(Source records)
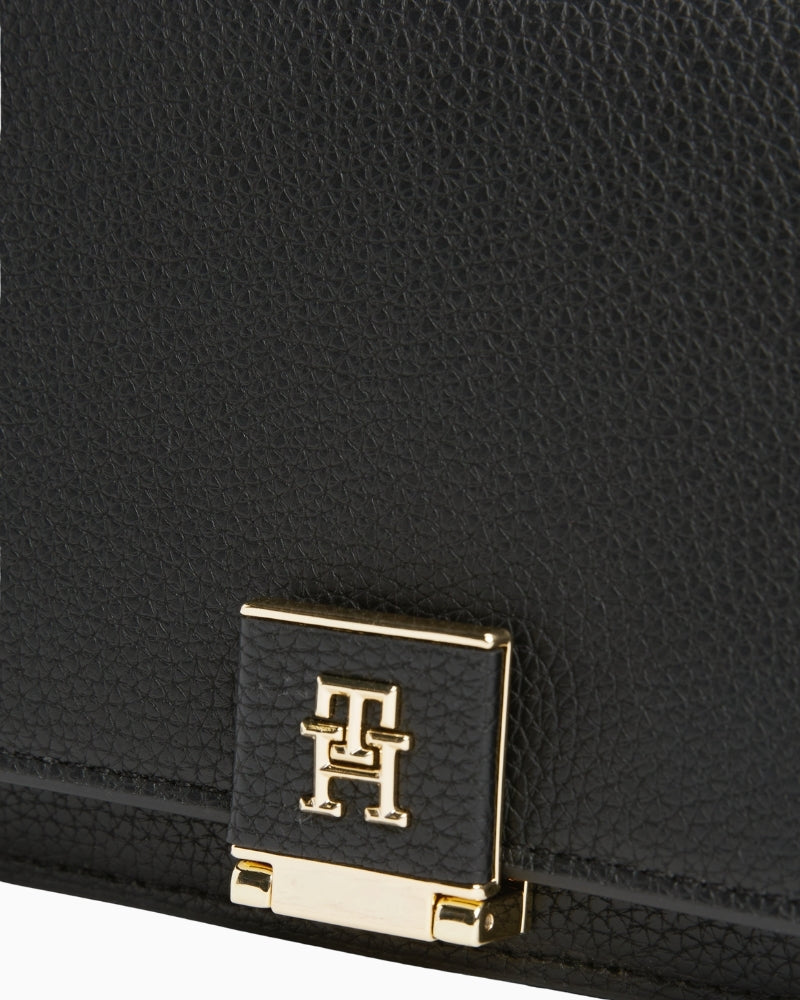 Tommy Hilfiger TH Her chain crossover black logo detail – Áines Boutique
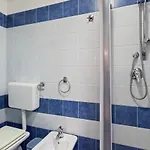 Guesthost - Bright With Balcony * Giardini Naxos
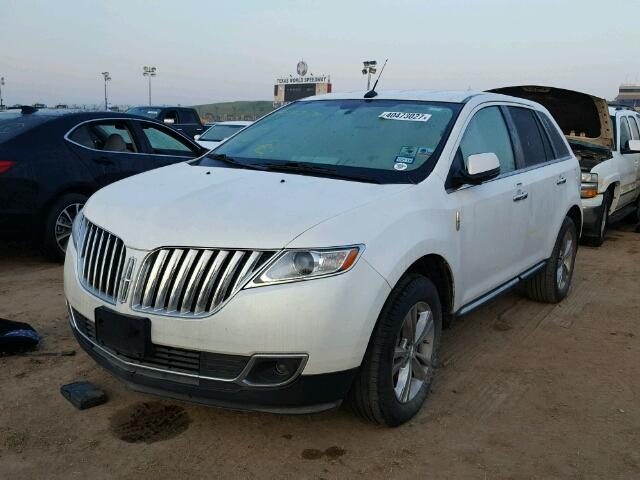 2LMDJ6JK5DBL26656 - 2013 LINCOLN MKX WHITE photo 2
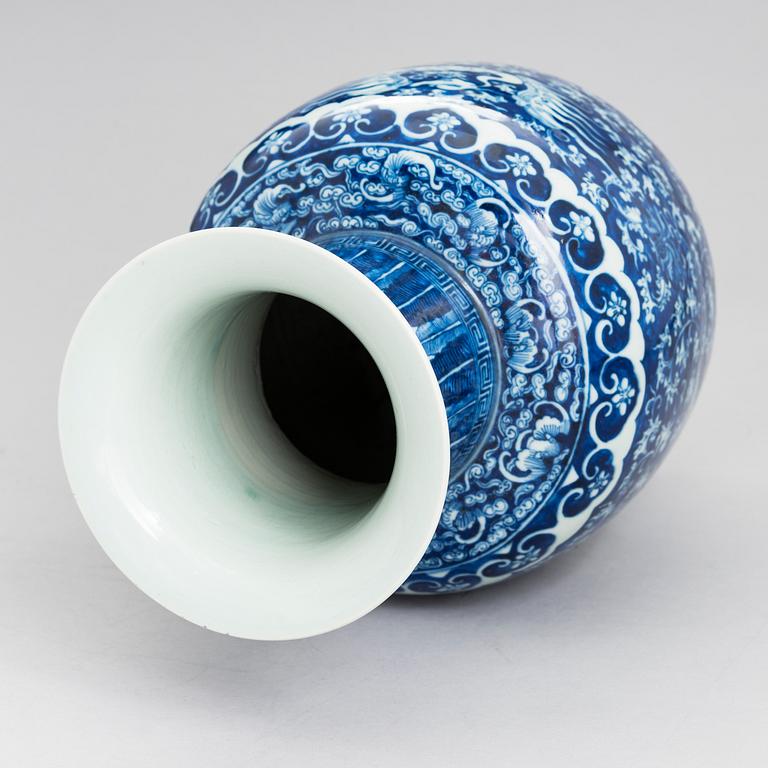 A blue and white Phoenix vase, presumably late Qing, circa 1900.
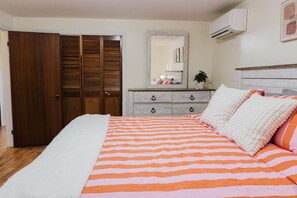 3 chambres, bureau, Wi-Fi, draps fournis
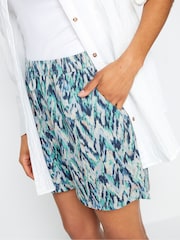 M&Co Blurry Ikat Shorts mit V-Ausschnitt - Bild 4 von 5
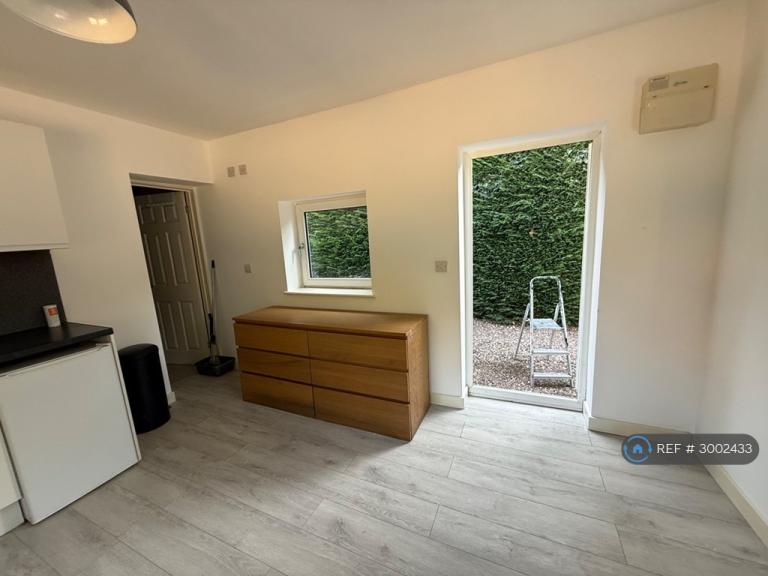Flat Vicarage Lane in Coventry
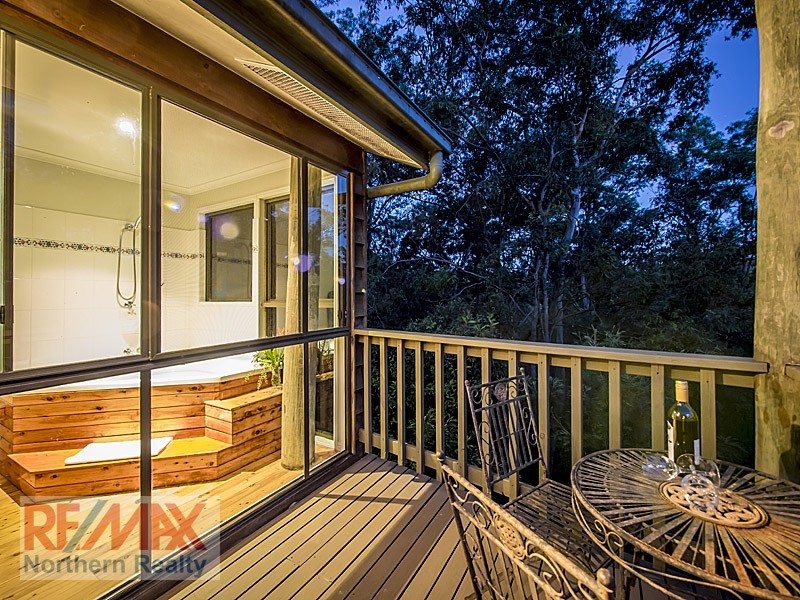 44 Lascelle Ct, Eatons Hill QLD 4037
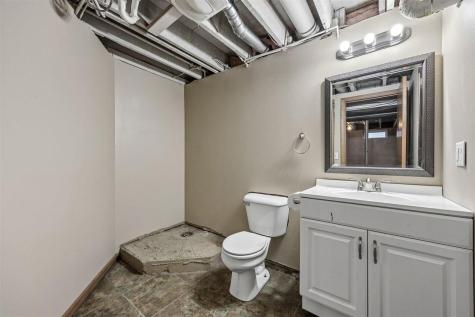819 G Avenue NW Cedar Rapids IA 52405
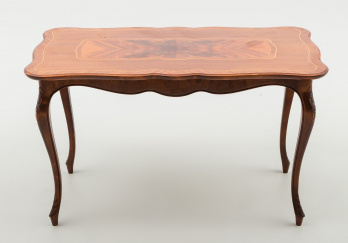 Старинный столик код. RM20448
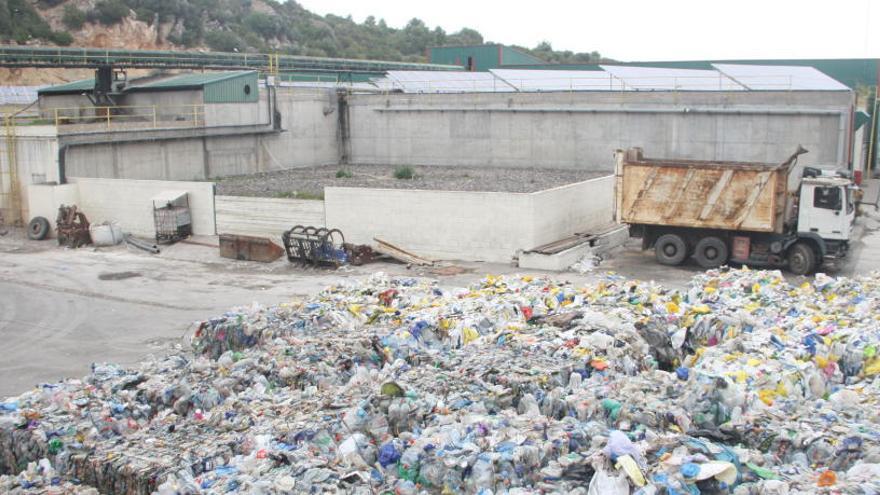 Imagen de la planta de basuras Reciplasa de Onda donde ha sido encontrado el cadáver del recién nacido.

### WHAT TO PRODUCE
Extract the run of lines beginning with the line that holds "3 chambres, bureau, Wi-Fi, draps fournis" and ending at the last line of the data, inclusive. Exclude any pictures from the copy.

### TASK OUTPUT
 3 chambres, bureau, Wi-Fi, draps fournis
 M&Co Blurry Ikat Shorts mit V-Ausschnitt - Bild 4 von 5
Flat Vicarage Lane in Coventry
 44 Lascelle Ct, Eatons Hill QLD 4037
819 G Avenue NW Cedar Rapids IA 52405
 Старинный столик код. RM20448
 Imagen de la planta de basuras Reciplasa de Onda donde ha sido encontrado el cadáver del recién nacido.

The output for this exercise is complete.